How quickly can gallstones form on a GLP-1? Stones can develop within the first few months of rapid weight loss. The risk peaks during the steepest weight-loss phase (months 2–9) and tapers as weight stabilizes.

Is the risk higher on Wegovy than Ozempic? Yes — at 2.4 mg, Wegovy has a higher gallbladder disorder rate (~2.6%) than lower doses of Ozempic for diabetes (~1.5% at 0.5 mg, 0.4% at 1 mg in the SUSTAIN trials). Higher dose, faster weight loss, more risk.

Can I take Ozempic, Wegovy, Mounjaro, or Zepbound if I have no gallbladder? Yes. There's no contraindication. You may have more pronounced bile-related GI symptoms; slower titration and modest dietary fat per meal usually solve it.

Does removing my gallbladder mean I can't have gallbladder pain on a GLP-1? You can't have gallbladder pain because the organ is gone, but you can still have bile duct stones or sphincter of Oddi dysfunction with similar symptoms.

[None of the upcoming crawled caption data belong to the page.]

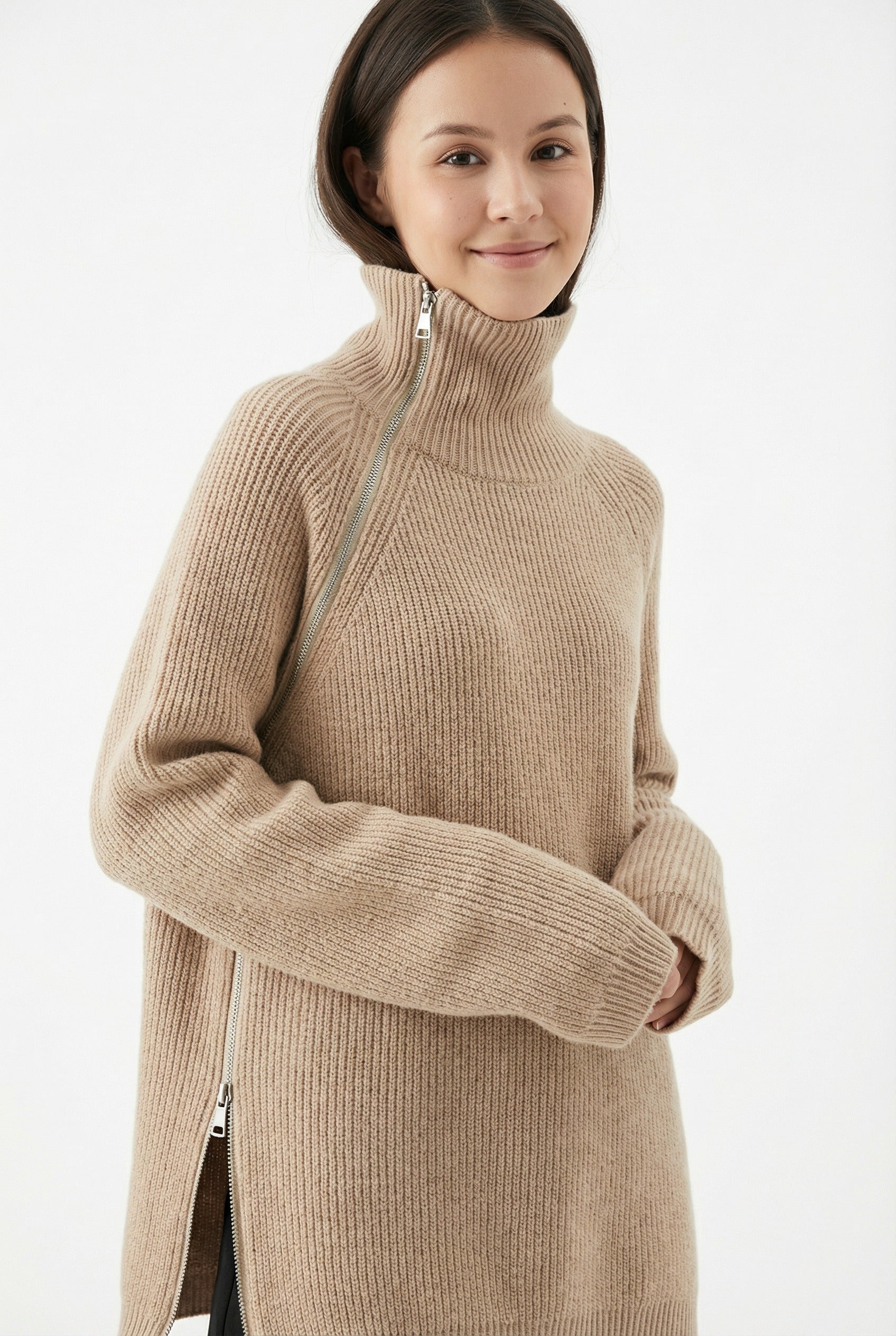Person wearing a beige turtleneck sweater from Meleche or Meléche (short as (Mé))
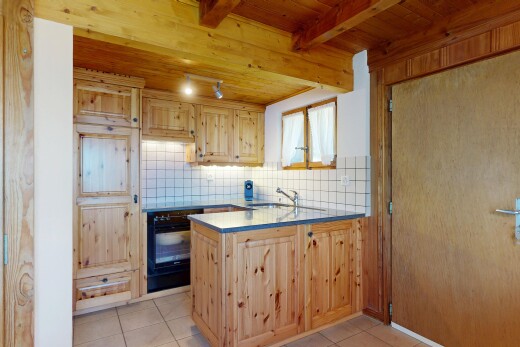cuisine avec dosseret, backsplash, armoires marron clair, light brown cabinets, et péninsule de cuisine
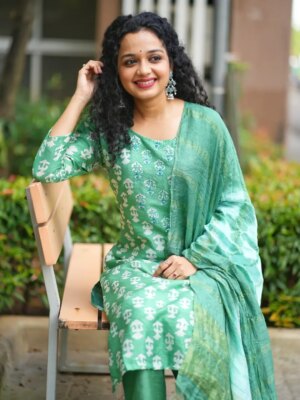 Rashmi Anpat Instagram - Dress season in full bloom🌸

.
#sundari  #photooftheday #trending #happyme #smile #positivevibes #goodhairdays #curlyhairgirl #rashmianpat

Should I get an ultrasound before starting a GLP-1? Not routinely. Reasonable if you have a history of biliary disease, prior stones, or upper-abdominal pain pattern.

Does ursodiol help prevent stones on GLP-1? It's well-studied for rapid weight loss after bariatric surgery (60–80% reduction). Use during GLP-1 therapy is off-label but increasingly discussed for high-risk patients.

Will gallstones go away if I stop the GLP-1? Stones don't dissolve on their own. Symptoms may settle if stones become quiescent again. Symptomatic stones usually require cholecystectomy.

Can I drink coffee or alcohol on a GLP-1 if I'm worried about my gallbladder? Moderate coffee is associated with slightly lower gallstone risk in observational studies. Heavy alcohol use raises pancreatitis risk on GLP-1s — a separate concern.